Как часто звучит у него – «чтобы не волновались родители, не огорчалась жена, чтобы не переживала тёща». Тёщу он с большим уважением и любовью называет – «Гвардии тёща». Я с радостью вижу, что нет в нём и намёка на то нелепое, нередко встречаемое чувство, когда тёща видится врагом всего человечества. Не волновать, не расстраивать родных Константин старается даже в мелочах. Я с удивлением и улыбкой слушаю его рассказ, как он бросал курить. Константин, выдержав паузу в три месяца, удостоверившись в том, что привычка окончательно побеждена – лишь тогда рассказал родителям, что бросил. А потом – новая командировка в Сирию, «серьёзный замес», почти трое суток без сна… И когда он уже буквально падал от усталости, когда близкие разрывы равнодушно казались какими-то далёкими и ненастоящими – закурил, чтобы хоть как-то взбодриться. Так сигареты снова появились в жизни Константина. Вернувшись, он, побывавший во многих передрягах капитан-разведчик, дабы не расстраивать родителей – курил украдкой, как в школьные годы. В кармане всегда имелась мятная жвачка, а в тайном месте – сорванная веточка, переломленная напополам. Ею он зажимал фильтр сигареты и курил так, чтобы запах табака не оставался на пальцах…
О том, где был Константин, родители узнали недавно. Так вышло, что получив повышение и назначение в новую часть, домой на побывку он приезжал вместе со всей, купленной им самим амуницией – огромным баулом и потёртым бронежилетом с выцветшей Георгиевской ленточкой. И батю, как его называет Константин, мгновенно ожгла догадка:
– Я так понимаю, ты был не на острове?..
Теперь родители знают о командировках и боевых наградах. Но о том, что их сын сейчас едет домой, едет к ним, к дочечке, жене и тёще – не знают.

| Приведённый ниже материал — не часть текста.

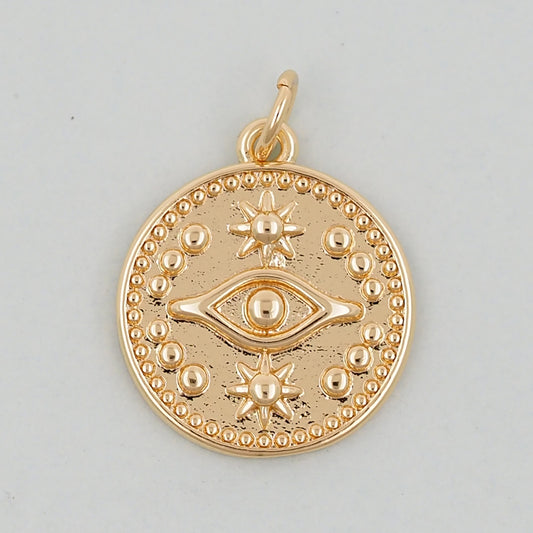 18K Gold Filled Evil Eye Pendant,Evil Eye Charm Bracelet Necklace for DIY Jewelry Making Supply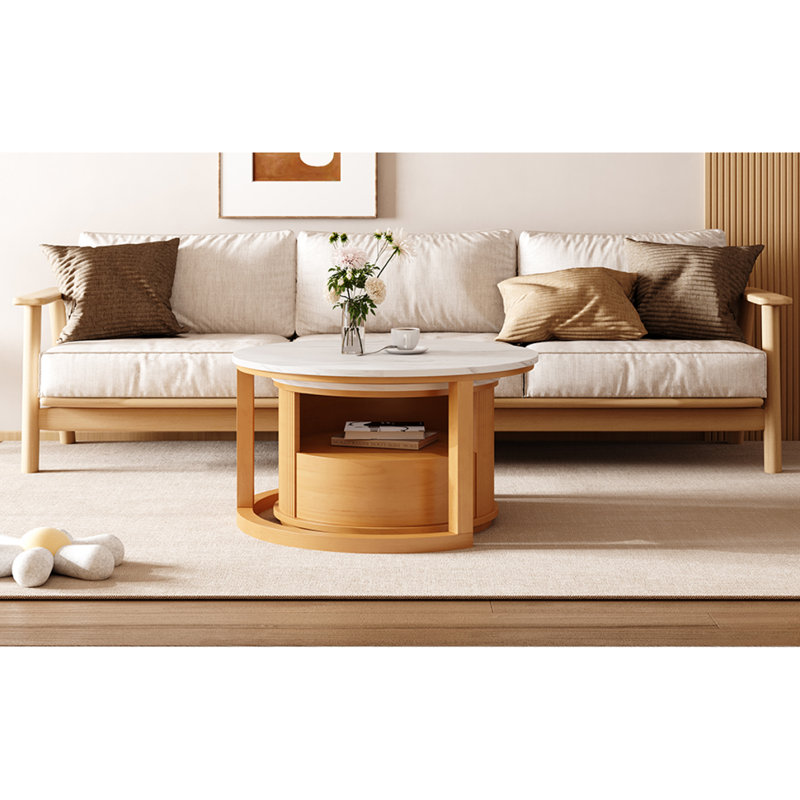 Table basse gigogne ronde avec plateau en marbre blanc, rangement à 2 niveaux et 1 tiroir, naturel, 28,5 po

Две бутылки коньяка, или «двойной боекомплект», как называет их Константин, опустели и надёжно спрятаны им в непрозрачный пакет.
– Ибо распивать крепкие спиртные напитки в поездах – запрещено! – снова поднимает вверх указательный палец Константин и улыбается. – А раз запрещено, то ничего и не было. Тем более, что подтверждения данного предосудительного факта средствами объективного контроля не зафиксировано.

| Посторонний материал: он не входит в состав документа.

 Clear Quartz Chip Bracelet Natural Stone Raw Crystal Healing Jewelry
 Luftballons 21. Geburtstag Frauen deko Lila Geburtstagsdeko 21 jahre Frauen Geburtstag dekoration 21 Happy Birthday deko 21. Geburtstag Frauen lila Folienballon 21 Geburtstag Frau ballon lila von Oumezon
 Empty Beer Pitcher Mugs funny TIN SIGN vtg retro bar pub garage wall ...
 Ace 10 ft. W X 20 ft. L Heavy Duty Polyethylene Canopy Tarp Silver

Я смеюсь. И всё больше проникаюсь уважением и крепким, братским чувством к этому человеку.
– Ты меня извини, но я отобьюсь, – говорит Константин. – Всю ночь не спал, да и до этого «немец» не давал припухать особо.
– Да, конечно, спи.
Константин с удовольствием растягивается на полке, глядит какое-то время в телефон. Я нечаянно замечаю – он смотрит фотографии дочечки. Но скоро Константин прячет телефон и почти мгновенно засыпает крепким и праведным сном человека, долго и обстоятельно делавшего нужное, важное дело.

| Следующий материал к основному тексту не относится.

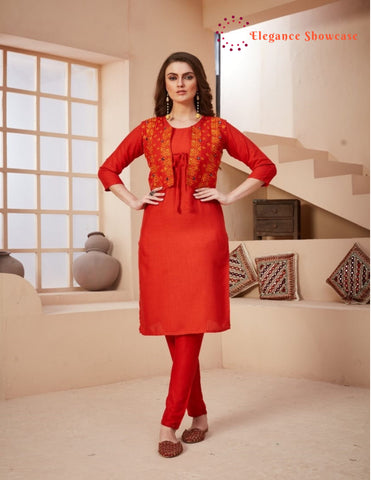 KURTI WITH EMBROIDERY JACKET & PANT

Смотрю в окно – белым-бело. Здесь уж лежит снег. Позади остались скифские курганы и степи, русской сохой и неисчислимым трудом превращенные в поля. Всё реже и реже встречаются турлучные мазанки. И чаще – избы с кружевными, сказочными наличниками и резными, приветливыми крылечками. Осанистые деревянные дома на основательных каменных подклётах горделиво глядят ажурными светёлками. Само время, кажется, бессильно снимает здесь шляпу перед красотой и широтой русского духа, воплощёнными искусными руками. Мимо величаво и неспешно проплывает Тысячелетняя Русь. Краса этой земли, её материнская ласка, радушие и богатства, былинные герои, страницы славных и горьких времен её летописи – всё в названиях тихих деревушек и маленьких станций: Сестрёнка, Остролучье, Богоявленск, Александро-Невская, Берёзки, Дрязги, Суворовка, Любинка.